MULTIPLE SCLEROSIS (MS)

H. Hooshmand, M.D.

Neurological Associates Pain Management Center

1255 37th Street, Suite B

Vero Beach, FL 32960

 

The information below has been instigated by the fact that we get a lot of calls and are asked about how to treat MS. This information is to facilitate communication and to save time.

INTRODUCTION

Multiple Sclerosis (MS) is an autoimmune disease due to a combination of stressful factors such as early infancy or childhood viral infections stimulating the immune system, later in life complicated by recurrent stress leading to recurrent attacks of rogue and dysfunctional immune system coding. It is more likely to develop in patients of northern European lineage. It is more prevalent in colder climate countries. Females are almost twice as likely to suffer from MS. It has four main forms: relapsing-remitting, seen in 4/5 of patients, primary progressive which starts at somewhat older age and is seen almost equally in both sexes, secondary progressive which may follow the relapsing-remitting form, and relatively benign form with a few attacks (relapses) followed by years or decades of no new attacks unless the patient is exposed to a major stress - more common in females. According to a European data base center (NEMJ, 11/16/2000), the primary progressive form takes a median time of around one year to start showing disability. This is in contrast to a median time of 11 years in relapsing-remitting course.

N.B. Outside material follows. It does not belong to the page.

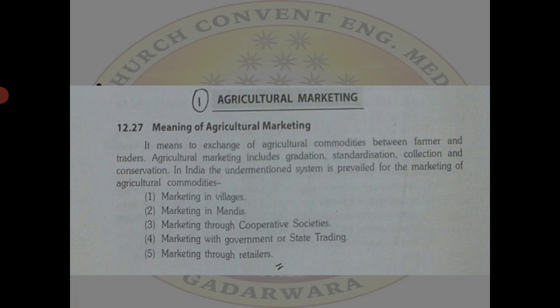In India, the following system is used for the marketing of agricultural commodities: marketing is done in villages, in mandis, through cooperative societies where government purchases crop and grains, through government or street trading, and through retailers.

MS is not diagnosed by the process of exclusion. It is diagnosed by careful history taking, thorough neurological examination, and tests such as MRI (not CAT Scan), physiological tests such as evoked potentials (BAER, SER, VER) and laboratory tests, such as serum and CSF immunological changes. Monitoring the T-cell lymphocyte function test may help in prognostication and treatment of MS.

DIAGNOSIS

The diagnostic tools in order of importance are:

1. A careful history taking which if taken in detail will provide vital information in regard to how the very first attack in childhood or early teenage years started as a viral infection (measles, infectious mononucleosis, whooping cough, etc). The same history gives a detail of the nature of the disease and helps with prognostication in regard to the fact that the patient may have had multiple attacks which may have been mistaken for the patient being hysterical or malingerer or Munchausen’s Syndrome (blaming the patient for being a liar), etc.

2. A careful neurologic examination which specifically, quite frequently reveals evidence of thoracic spinal cord and/or brain stem involvement with sensory loss over the face, chest, trunk, or abdominal regions.

3. MRI. Unfortunately, there are a lot of false positive and false negative MRI’s. The MRI shows typical changes in MS, but the damages to the white matter of the brain and spinal cord can be quite variable. Other diseases may mimic MRI changes seen in MS. For example, patients who have had early childhood viral infections may show multiple areas of abnormal density which may be the result of nothing but the original viral infection. Other patients may have had a head injury which may show abnormalities similar to MS. MRI should be taken for its value in regard to its limitations, but it is a useful test in research studies to find out if more plagues are evolving. In this regard, it also helps with the study of medications trials for MS.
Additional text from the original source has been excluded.